• EXERCISE DIRECTIONS:
Leave the pictures out. Retype exactly the lines below from the one containing "How to Draw" through the one containing "Robot de cuisson", and no others.

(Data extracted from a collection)
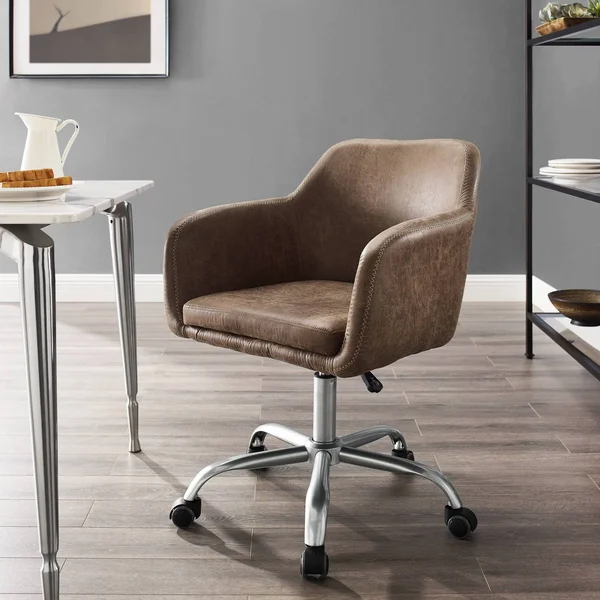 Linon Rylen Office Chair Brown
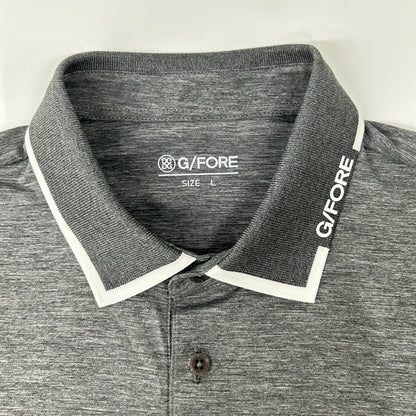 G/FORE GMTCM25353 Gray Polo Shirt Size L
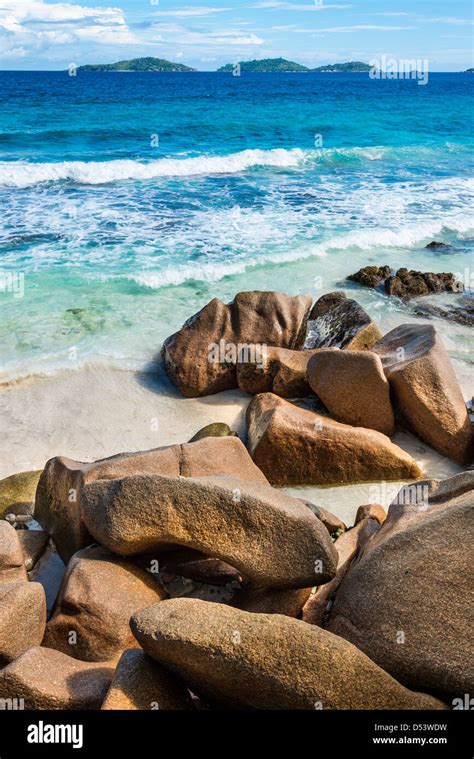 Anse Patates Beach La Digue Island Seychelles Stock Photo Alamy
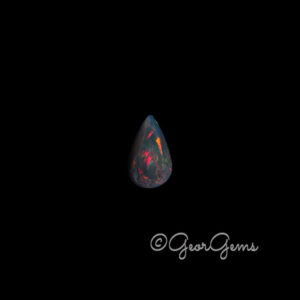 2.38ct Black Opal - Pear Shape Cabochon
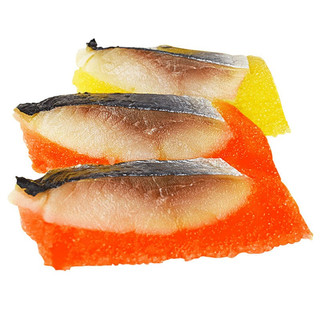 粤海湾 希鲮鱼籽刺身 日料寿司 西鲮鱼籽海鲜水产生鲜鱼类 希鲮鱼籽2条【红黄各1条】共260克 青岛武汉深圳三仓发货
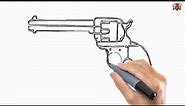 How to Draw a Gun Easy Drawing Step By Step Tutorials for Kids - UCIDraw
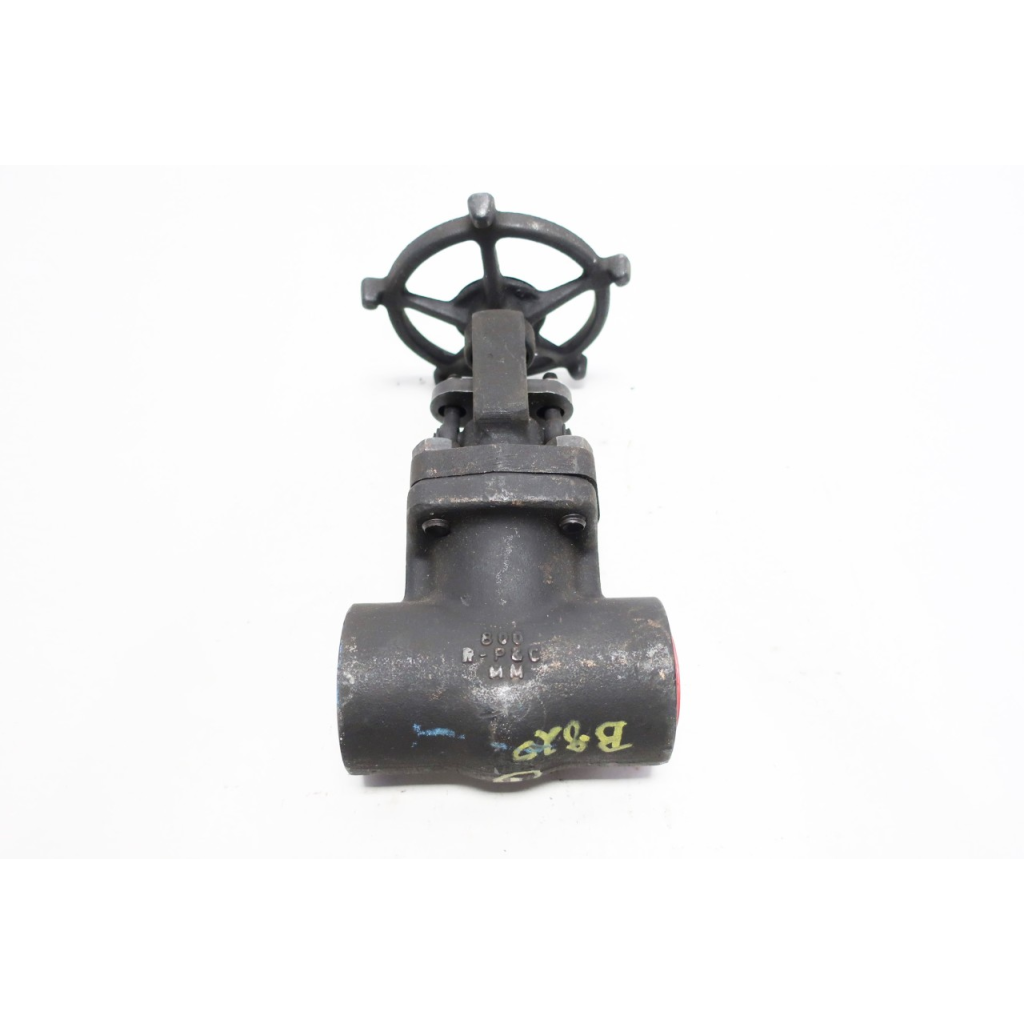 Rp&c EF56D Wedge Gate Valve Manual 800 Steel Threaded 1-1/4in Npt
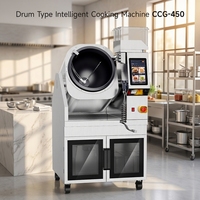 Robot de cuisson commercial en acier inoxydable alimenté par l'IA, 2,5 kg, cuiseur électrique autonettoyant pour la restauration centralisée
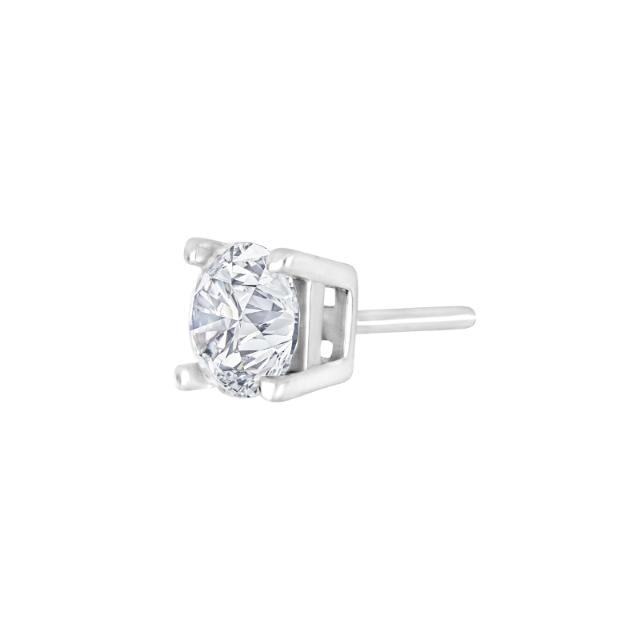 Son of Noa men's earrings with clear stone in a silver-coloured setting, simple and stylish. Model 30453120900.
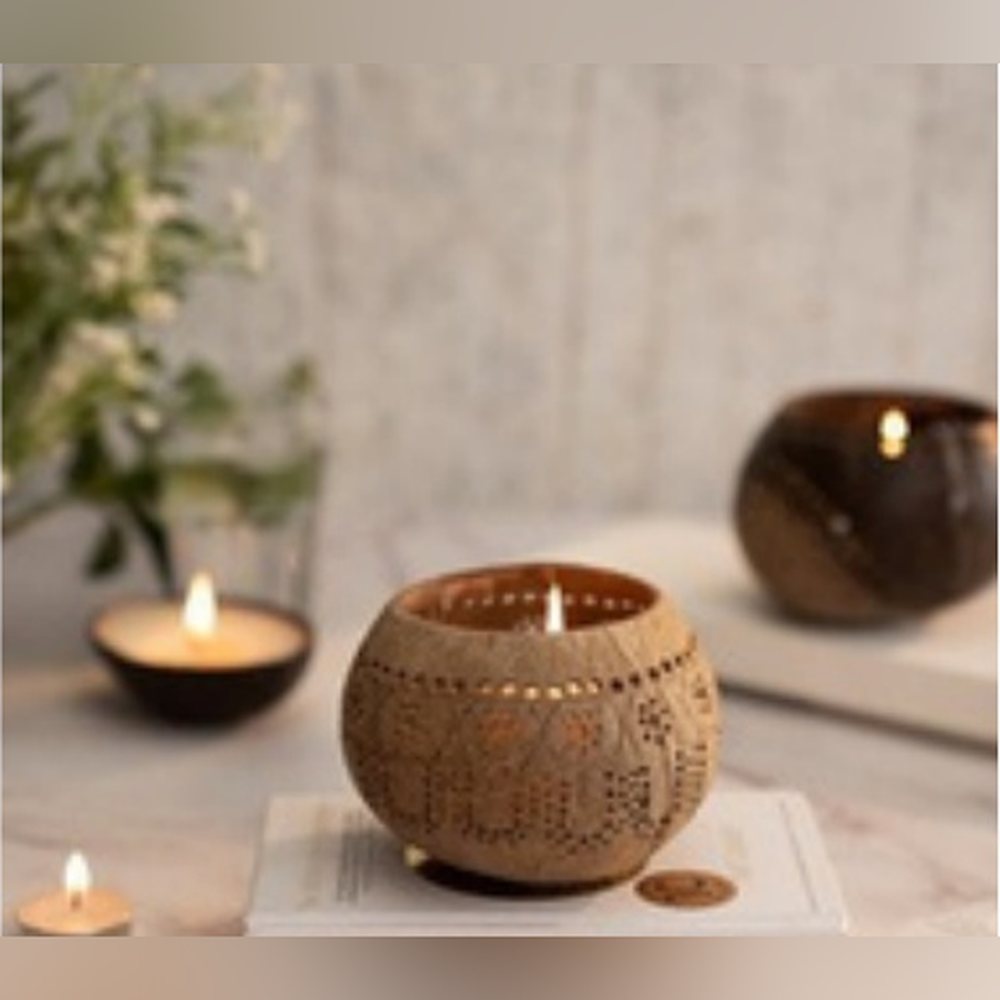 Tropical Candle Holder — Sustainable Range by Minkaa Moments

• RESULT OF THE EXERCISE:
 How to Draw a Gun Easy Drawing Step By Step Tutorials for Kids - UCIDraw
 Rp&c EF56D Wedge Gate Valve Manual 800 Steel Threaded 1-1/4in Npt
 Robot de cuisson commercial en acier inoxydable alimenté par l'IA, 2,5 kg, cuiseur électrique autonettoyant pour la restauration centralisée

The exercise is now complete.